GOAL OF THE EXERCISE: Your copy of the entries must be exact, and it must not include the pictures.

DATA EXCERPTS:
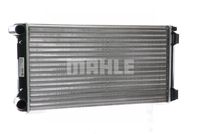 Thumbnail - Radiateur - CR1444000S - MAHLE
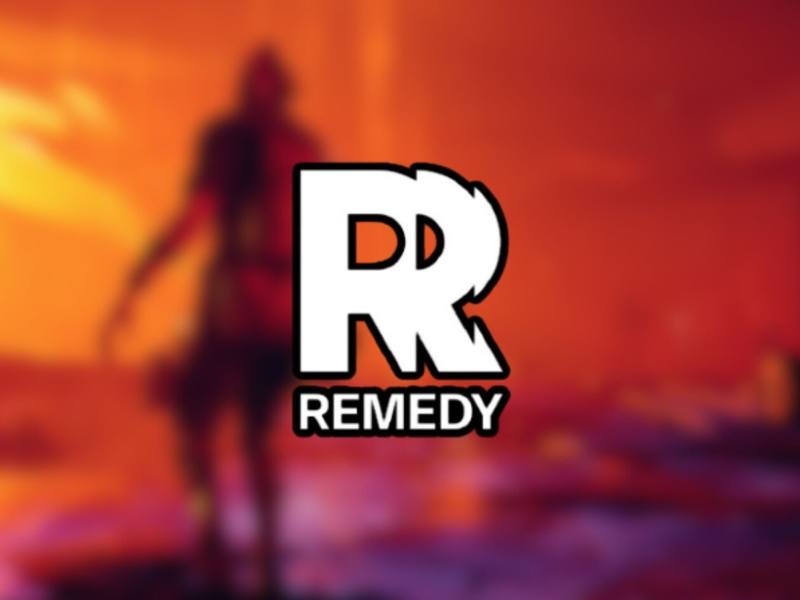 Remedy Games Hit Historic Low Prices on Steam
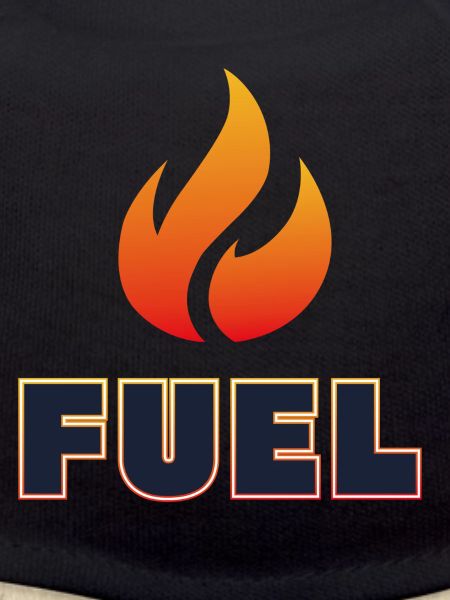 FUEL
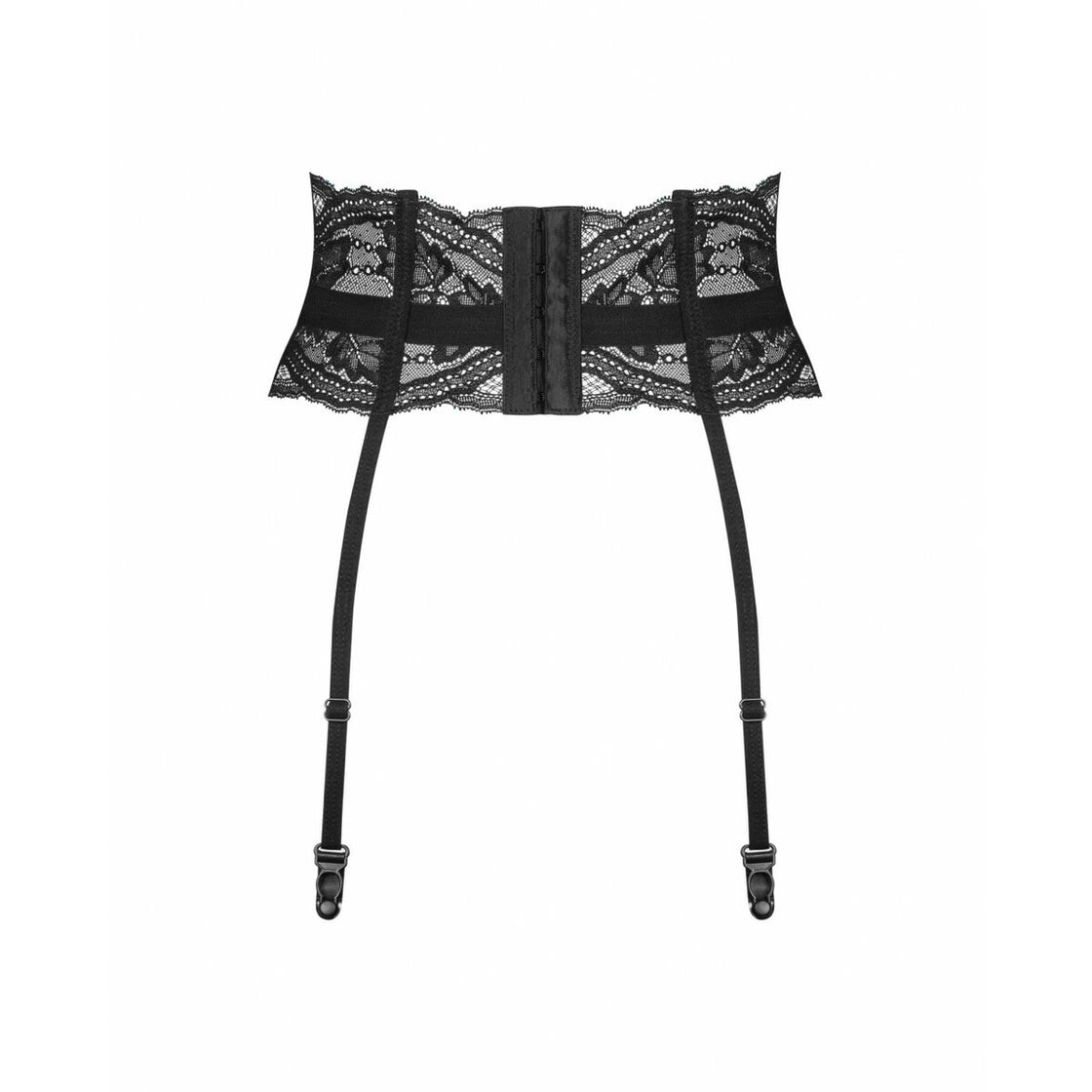 Suspender Obsessive M/L-4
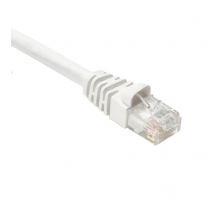 PC6W20SC Image.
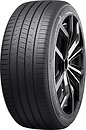 Фото Tercelo Tamir EV01 (225/60R18 104V XL)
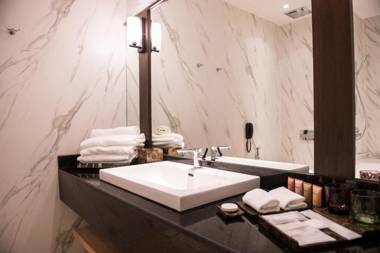 GEO RESORT & HOTEL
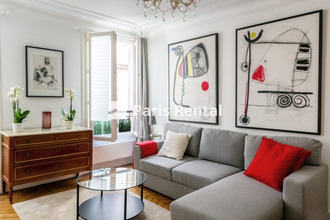location appartement paris 75008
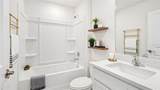 10408 Turtle Run Road - Photo 11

TASK RESPONSE:
 Thumbnail - Radiateur - CR1444000S - MAHLE
 Remedy Games Hit Historic Low Prices on Steam
 FUEL
 Suspender Obsessive M/L-4
 PC6W20SC Image.
 Фото Tercelo Tamir EV01 (225/60R18 104V XL)
 GEO RESORT & HOTEL
location appartement paris 75008
 10408 Turtle Run Road - Photo 11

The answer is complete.